Update
October 15, 2003
The
5 VIPs of Fat Loss
and the Fat Loss Do's and Don'ts
Why
do so many people “exercise and eat right” and still fail
to get results? Sometimes the answer lies not in a lack of
effort, but rather in a lack of understanding the little biochemical
players that work at the cellular level. In other words,
if the effort is there but the environment isn’t suitable
for fat release, results can be nil. Unfortunately, too many
abandon the effort rather than ever coming to understand little
shifts that can work to create the optimal fat loss environment.
Results are my business.
Results are the foundation upon which I’ve built my reputation.

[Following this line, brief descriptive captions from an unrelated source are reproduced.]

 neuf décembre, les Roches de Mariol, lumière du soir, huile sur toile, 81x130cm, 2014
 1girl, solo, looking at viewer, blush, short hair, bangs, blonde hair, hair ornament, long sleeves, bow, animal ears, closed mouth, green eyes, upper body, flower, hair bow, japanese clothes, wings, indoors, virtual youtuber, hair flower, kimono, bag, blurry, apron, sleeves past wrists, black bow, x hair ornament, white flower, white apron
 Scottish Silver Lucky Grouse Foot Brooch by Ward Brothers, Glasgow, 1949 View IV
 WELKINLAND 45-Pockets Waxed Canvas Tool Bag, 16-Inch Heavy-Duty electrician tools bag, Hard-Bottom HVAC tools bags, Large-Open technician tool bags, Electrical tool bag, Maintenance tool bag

Results always follow empowerment. My seminars have consistently
proven to empower people to take control of their bodies,
and on November 1, in Fort Lauderdale, Florida, I’m conducting
what promises to be my
greatest Breakthroughs seminar ever. Not only will I
be sharing the realities behind nutrition and exercise that
allow people to take control of their bodies, but I’ll also
explain in detail precisely how the body “decides” whether
to store or burn fat. I’ll convert the biochemical mystery
into something everyone understands.
With
an understanding, you become the sculptor, your body becomes
the clay. There are two primary challenges in seeking understanding
of biochemistry. It’s complicated and it’s boring. I remember
my high school chemistry teacher. I remember my 9th
grade biology teacher. I also remember falling asleep in
class.
Keeping
those former teachers in mind, I work hard to avoid sending
people into snooze land when discussing complicated scientific
topics. It isn’t an accident when people leave my seminars
with huge smiles on their faces, empowered and “fired up”

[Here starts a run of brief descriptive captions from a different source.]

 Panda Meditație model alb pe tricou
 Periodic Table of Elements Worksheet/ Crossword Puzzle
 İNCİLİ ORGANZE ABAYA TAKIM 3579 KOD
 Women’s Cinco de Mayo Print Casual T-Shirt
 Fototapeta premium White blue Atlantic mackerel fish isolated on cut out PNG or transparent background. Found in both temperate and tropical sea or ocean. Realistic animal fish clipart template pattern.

with an awareness their lives are about to change. I’ll try
to deliver the information in this article in much the same
fashion as it comes through in a seminar. If you start snoozing,
well . . . at least give me points for trying.
Let’s put both your brain and imagination
to work. Imagine a ceremony in which I am presenting awards
to . . .
The five VIP’s of Fat Loss!
“Ladies
and Gentleman, the first of the Very Important Players in
the Fat Loss Arena, The Pancreas.” The crowd goes
wild as the pancreas takes the stage to accept the award and
I begin my opening dialogue.
“The pancreas is extremely deserving
of this award because of his incredible production ability.
Yes, on a daily basis, this tough organ is called to act
every time food enters the digestive tract, and he has proven
incredibly reliable in his production of both insulin and
glucagon. Insulin is the “storage” hormone, and acts to
transport glucose molecules into the muscles and into the
liver to be stored as a fuel reserve. Glucagon is the fat
release hormone that allows adipose material to escape the
walls of the fat cell and travel within the bloodstream
to be burned as fuel.”
The pancreas has its challenges.
Every time you put a simple sugar, a meal high in refined
carbs, or some snack chips into your mouth, you send a rush
of tiny glucose molecules into the bloodstream. As a result
blood sugar skyrockets and the pancreas has to make a sudden
shift. It has to shift to “insulin dominance,” cranking
out significant amounts of the storage hormone so all of
that sugar can be stored and blood sugar can return to normal.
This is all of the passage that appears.